If several identical objects have to be drawn in the same place or nearby, try
using :ref:`MultiMesh <class_MultiMesh>` instead. MultiMesh allows the drawing
of many thousands of objects at very little performance cost, making it ideal
for flocks, grass, particles, and anything else where you have thousands of
identical objects.

Also see the :ref:`Using MultiMesh <doc_using_multimesh>` doc.

Bake lighting
=============

Lighting objects is one of the most costly rendering operations. Realtime
lighting, shadows (especially multiple lights), and GI are especially expensive.
They may simply be too much for lower power mobile devices to handle.

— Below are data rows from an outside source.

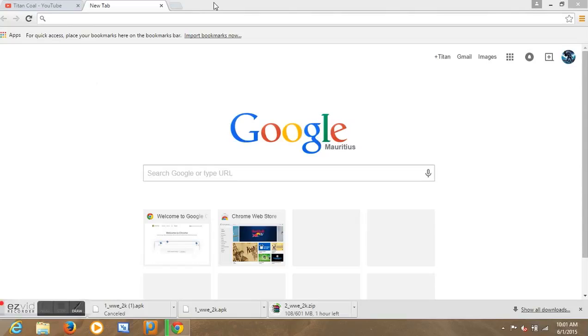This is WWE 2K15 for free for Android and iPhone, both of them. So let's start.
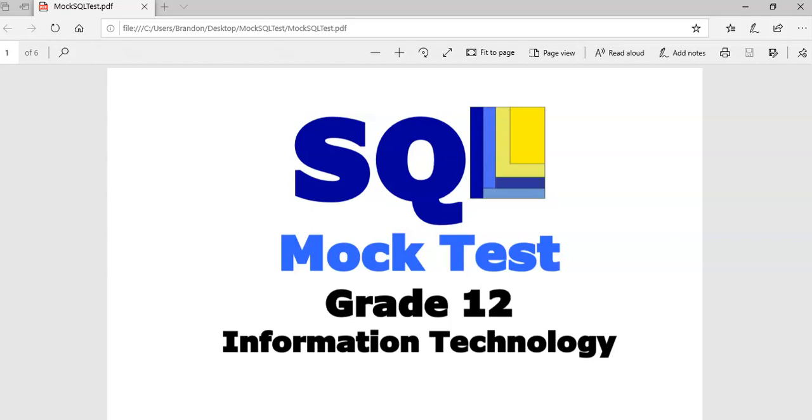This is an SQL mock test for grade 12 in IT. We're just going to do a couple of practice questions in this mock test, so let's do the first four questions.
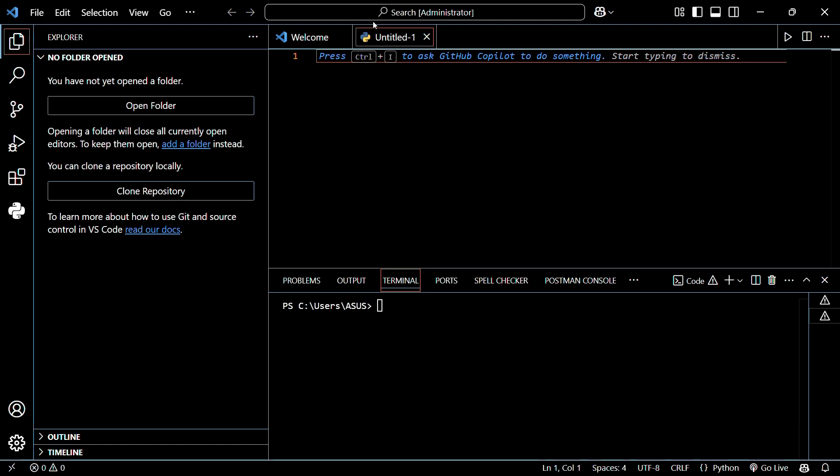So after you have successfully launched your VS code, you need to click on the extension tab at the left.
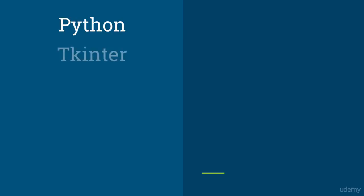After learning Python, we're going to learn something called Tkinter. Tkinter is used when you want to build desktop applications in Python. We'll learn the basics of Tkinter, like how a basic desktop application is made. We'll make a few desktop applications—nothing big, but a few smaller ones. That's going to cover the desktop application part in Python.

**Consider using baked lighting**, especially for mobile. This can look fantastic,
but has the downside that it will not be dynamic. Sometimes, this is a trade-off
worth making.

In general, if several lights need to affect a scene, it's best to use
:ref:`doc_baked_lightmaps`. Baking can also improve the scene quality by adding
indirect light bounces.

Animation and skinning
======================

Animation and vertex animation such as skinning and morphing can be very
expensive on some platforms. You may need to lower the polycount considerably
for animated models or limit the number of them on screen at any one time.

Large worlds
============

If you are making large worlds, there are different considerations than what you
may be familiar with from smaller games.

Large worlds may need to be built in tiles that can be loaded on demand as you
move around the world. This can prevent memory use from getting out of hand, and
also limit the processing needed to the local area.

There may also be rendering and physics glitches due to floating point error in
large worlds. You may be able to use techniques such as orienting the world
around the player (rather than the other way around), or shifting the origin
periodically to keep things centred around ``Vector3(0, 0, 0)``.